2. Should the wallet be custodial or non-custodial? For 95% of production teams, non-custodial smart contract wallets win. You keep policy control, recovery, and revocation. Pure self-custody is operationally too sharp for most teams; pure custodial gives the provider a permissions hold you cannot easily undo.

3. Which chain? Default to USDC on Base. Sub-cent fees, sub-second blocks, sponsored gas through paymasters. If you have a specific reason to pick differently (Solana for HFT-grade settlement, Polygon for an existing Polygon relationship), document why before you commit.

4. Which stablecoin? USDC unless you have a written reason to pick differently. It is the regulated, audited default and the one most counterparties will already accept.

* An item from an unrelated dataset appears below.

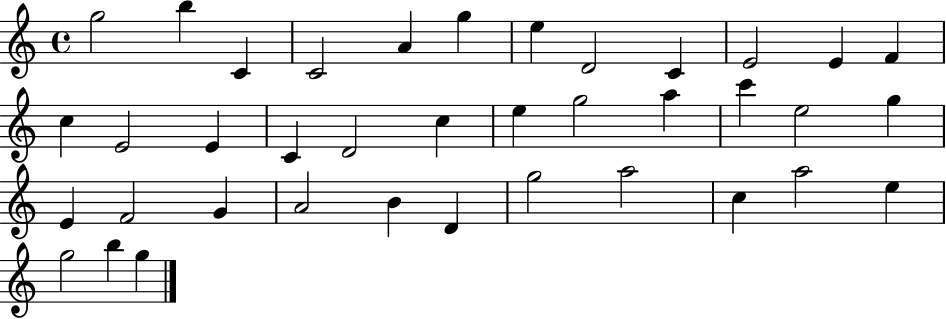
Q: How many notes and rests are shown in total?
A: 38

5. Should the wallet hold native gas tokens? No. Use a paymaster or relayer that sponsors gas and either charges the platform or deducts USDC equivalent. Holding native gas means agents need to manage two assets, which compounds operational risk.

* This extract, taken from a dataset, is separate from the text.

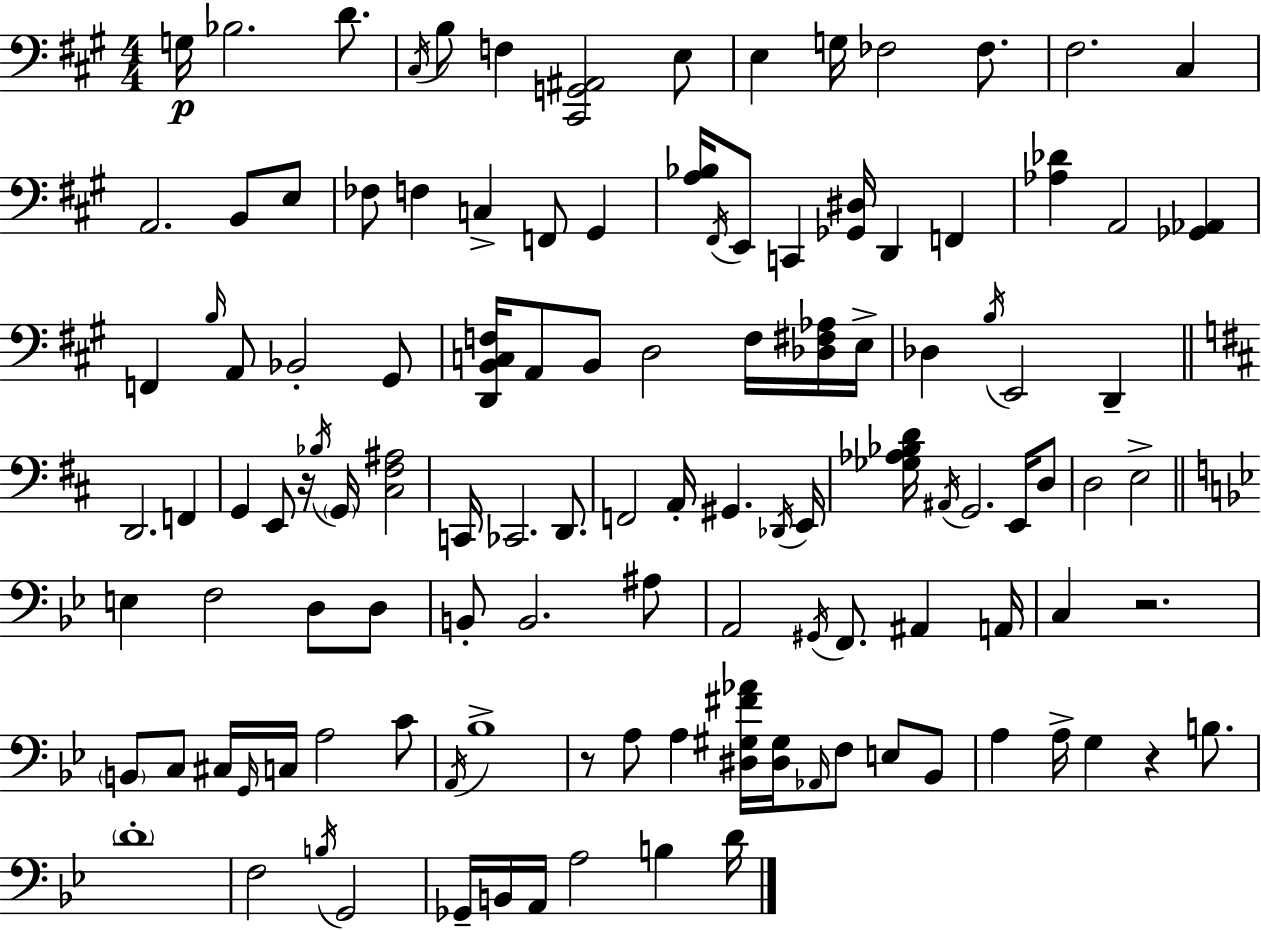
G3/s Bb3/h. D4/e. C#3/s B3/e F3/q [C#2,G2,A#2]/h E3/e E3/q G3/s FES3/h FES3/e. F#3/h. C#3/q A2/h. B2/e E3/e FES3/e F3/q C3/q F2/e G#2/q [A3,Bb3]/s F#2/s E2/e C2/q [Gb2,D#3]/s D2/q F2/q [Ab3,Db4]/q A2/h [Gb2,Ab2]/q F2/q B3/s A2/e Bb2/h G#2/e [D2,B2,C3,F3]/s A2/e B2/e D3/h F3/s [Db3,F#3,Ab3]/s E3/s Db3/q B3/s E2/h D2/q D2/h. F2/q G2/q E2/e R/s Bb3/s G2/s [C#3,F#3,A#3]/h C2/s CES2/h. D2/e. F2/h A2/s G#2/q. Db2/s E2/s [Gb3,Ab3,Bb3,D4]/s A#2/s G2/h. E2/s D3/e D3/h E3/h E3/q F3/h D3/e D3/e B2/e B2/h. A#3/e A2/h G#2/s F2/e. A#2/q A2/s C3/q R/h. B2/e C3/e C#3/s G2/s C3/s A3/h C4/e A2/s Bb3/w R/e A3/e A3/q [D#3,G#3,F#4,Ab4]/s [D#3,G#3]/s Ab2/s F3/e E3/e Bb2/e A3/q A3/s G3/q R/q B3/e. D4/w F3/h B3/s G2/h Gb2/s B2/s A2/s A3/h B3/q D4/s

6. How are wallet keys generated? Inside a key-management service that supports policy-bound signing. AWS KMS, Google Cloud KMS, or a HSM-backed equivalent. Never in code. Never in environment variables. Never the same key reused across agents.

7. Where does the key live for an individual agent? Behind an API the agent's runtime calls. The runtime never sees raw key material. The signing service accepts a payment intent, evaluates the spend policy, signs if approved, returns the signed transaction.

8. Can a wallet be paused without losing history? Yes, and it must be. Pausing should freeze new payments while preserving the wallet's address, history, and reputation. Burning the wallet to stop payments is a sign your architecture is wrong.

9. Can a wallet be revoked? Yes. Revocation is permanent; the agent's profile freezes, history remains queryable for audit, the agent cannot transact again. Pause is for incidents; revoke is for decommission.

10. How do you recover a wallet if a key is compromised? Through a recovery contract or guardian setup before deployment. Recovery is a feature you wire in on day one, not on day-of-incident.

Section 2: identity and counterparty trust (decisions 11 to 18)

11. Does the agent need a public identity, or is the wallet address enough? For agents transacting with strangers, public identity matters more than wallet balance. Agent payment identity is the public profile counterparties verify before they accept a large payment.

12. What signals belong on an agent's profile? Domain verification, GitHub verification, email verification, transaction history, recipient reputation, dispute history. The more independent attestations, the higher the trust ceiling.

13. How is the agent operator verified? KYB on the platform account. The agent is owned by an operator; the operator is a legal entity; the entity passes KYB before mainnet access. This is the part that makes the regulator nod.

14. Should agents be allowed to transact with unverified counterparties? Allowed but bounded. A small per-call ceiling for unverified merchants; a larger ceiling for verified ones; a still-larger ceiling for known repeat counterparties. Trust is a multi-tier setting, not a binary.

15. How is reputation portable across products? Through a public, verifiable address with attested history. Other tools should be able to read the agent's track record and decide independently whether to extend credit, accept larger payments, or require pre-approval.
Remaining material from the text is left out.